兵庫県警丹波署は29日、特殊詐欺被害を未然に防いだとして、前山(さきやま)郵便局(丹波市市島町)に感謝状を贈った。交流サイト(SNS)のフェイスブックで知り合った女性を名乗る相手から投資話を持ちかけられ、高額を振り込もうと来局した同市内の男性(53)の様子を、窓口対応した局員が不審に感じ、同署に通報した。
同署によると、男性は相手とやり取りを重ねて恋愛感情を抱き、結婚まで視野に入れていた。その相手から「高級ワインを買えば値段が上がってもうかる」と言われ、購入費として来局までに180万円をだまし取られていた。

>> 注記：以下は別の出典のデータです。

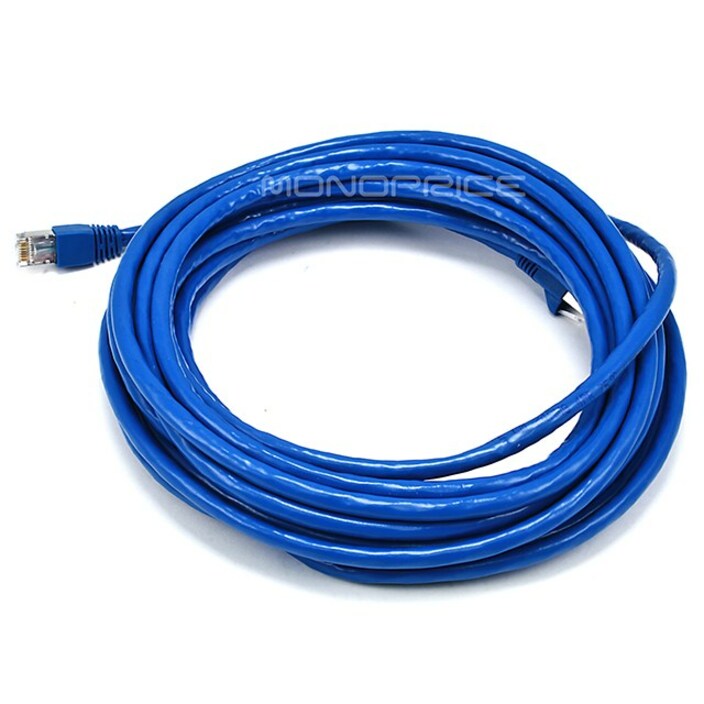 25-foot blue Cat6A ethernet cable with RJ-45 connectors coiled against white background showing Monoprice branding-alternate-image1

男性はさらに購入費として限度額を超える90万円分を送金しようと来局。局員の石田風斗さん(26)は「送金先が分からない。30分後に連絡が来るはず」などと説明を受け、送金先の口座名義が外国人だったことから「黒っぽい」と疑った。送金目的を尋ねると「知り合いに投資を勧められた」と言われ、詐欺と確信。余田紀章局長(48)に相談し、同署に通報した。署員到着まで送金処理にあえて時間をかけた。
余田局長は「『気付き』が一番大事。お客さんの電話の様子などには日頃から気を配っている」と言い、石田さんは「被害に遭われたお金から次の被害につながる。一人でも被害に遭う人を減らせたのがうれしい」と話した。